Андрей быстро освоился с традициями дома за голохвостыми догами. Папахен играл в кегли и в шахматы сам с собою, для моциона мускул и мозгов, – уезжал до обеда на фабрику. На Рождество надо было всею семьею ездить в Москву, пересматривать все постановки московских театров. Каникулы сына надо было проводить в Германии, чтобы сын не забывал родины. Сын выписывал «Старые годы», «Русскую мысль», «Аполлон». В парчовых переплетах на полках книжного шкафа у Леопольда стояли поэты-символисты, русские и французы Бодлер, Верлен.

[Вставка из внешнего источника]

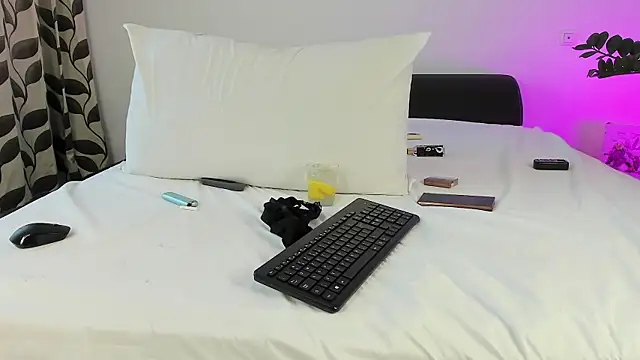 LaranyaX webcam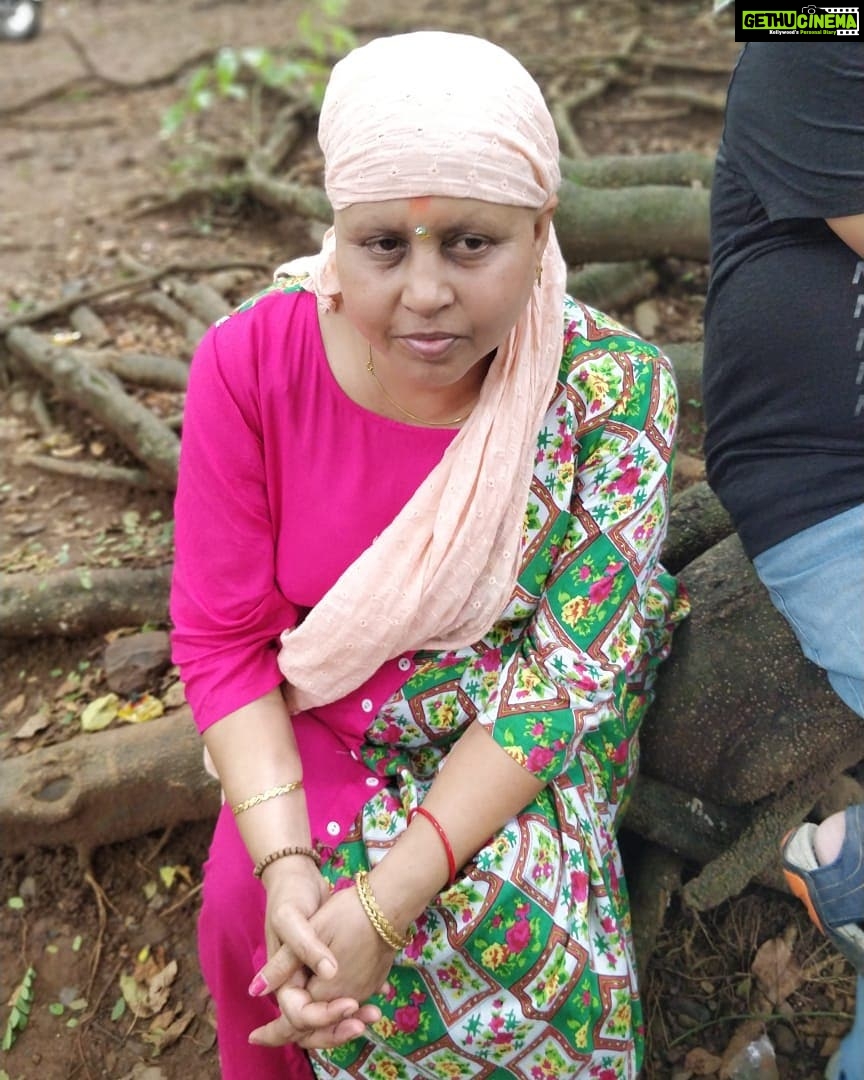 Tanushree Dutta Instagram - Our beloved Aunt passed away yesterday.Liver Cancer stage 4.Chemotherapy was too much for her body to bear.Her organs failed one by one till she lost the will to fight and gave up.Today her body was cremated in her home town.I got to see her and spend some time with her last five months.Mashi you will be missed always!!😠#lovewhileyoucan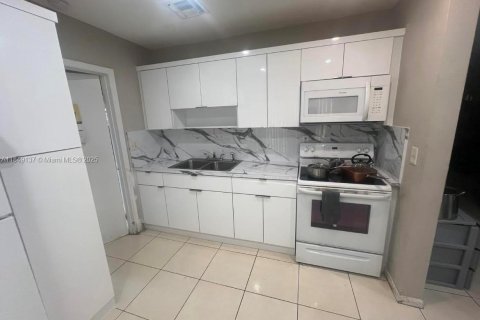House in Miami Gardens, Florida 4 bedrooms, 122.07 sq.m. № 1857071 - photo 6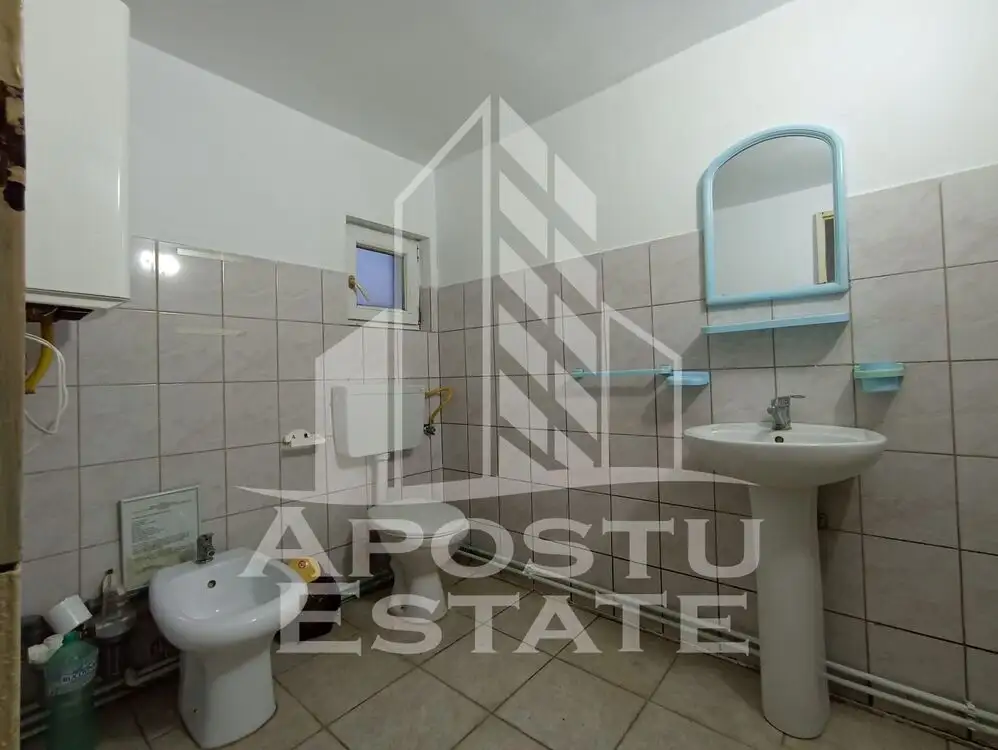 Apartament 3 camere 2 bai zona mehala la curte comuna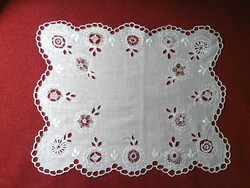Höveji csipke terítő ( 29 cm x 36 cm )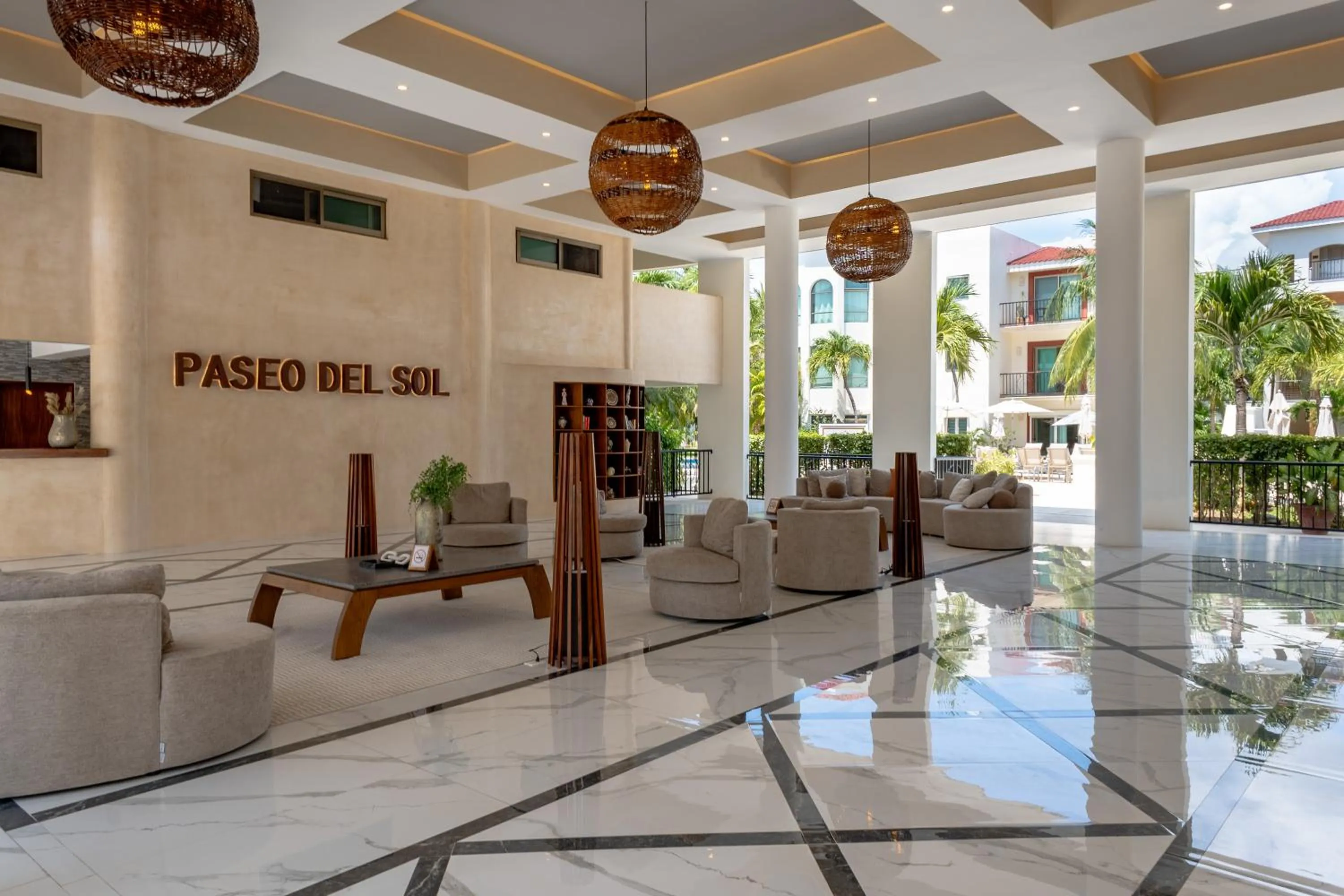 Lobby or reception in Paseo del Sol Condohotel by BVR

Любимым был Блок, –
Это была семья людей, оторванных от родины и не нашедших родину. Дом был просторен, по-русски тепл, широкопазый, удобный для медленных российских вечеров, для русского чая, для книг матери и сына. Отец с утра практиковался на кегельбане и в половине десятого садился в санки с медвежьей полостью, –
– Нун, гутен морген! – говорил заиндевевшему на морозе Ивану, русскому «мужику», второй десяток лет сидевшему на козлах Шмуцокса. Серый рысак в яблоках нес барина на Марфин брод, барин черпал воздух и серебряный снежок просторов. В конторе директор отдавал распоряжения, скучал и мчал обратно. Заиндевев просторами и косыми лучами красного солнца, барин сбрасывал в теплой прихожей бобровую шубу на руки горничной в наколке. В умывальнике готова была теплая вода. В столовой снималась женой крышка с суповой миски, в клубах горячего пара. Герр Шмуцокс, вымытый, только что опрыснувшийся одеколоном, входил в столовую священнодействовать за едою. Он целовал руку жены, жена целовала его в лысый лоб. Затем у герра Шмуцокса был кабинет в отчаянной скуке безделья – до вечернего чая, до ужина, до ванной на ночь, до постели. Он даже сдружился, после Пятого года, герр Шмуцокс, с князем Верейским, с Цветковым, с директором мужской гимназии латинистом Вальде. Он чаще и чаще выезжал, герр Шмуцокс, из Камынска – в Москву, в Санкт-Петербург и по таким же городам, как Камынск, к таким же немцам, оторванным от родины, как он сам. Каждый день с обеда до постели перед сном герр Шмуцокс усердно пил пиво, выписываемое специально из Баварии. Он был очень аккуратен и чистоплотен, герр Шмуцокс. Он был даже немного скуп. Он широко роскошествовал только в те дни, когда к нему приезжали погостить соотечественники, – тогда он не останавливался перед выдумками и затратами, устраивая балы и охоты.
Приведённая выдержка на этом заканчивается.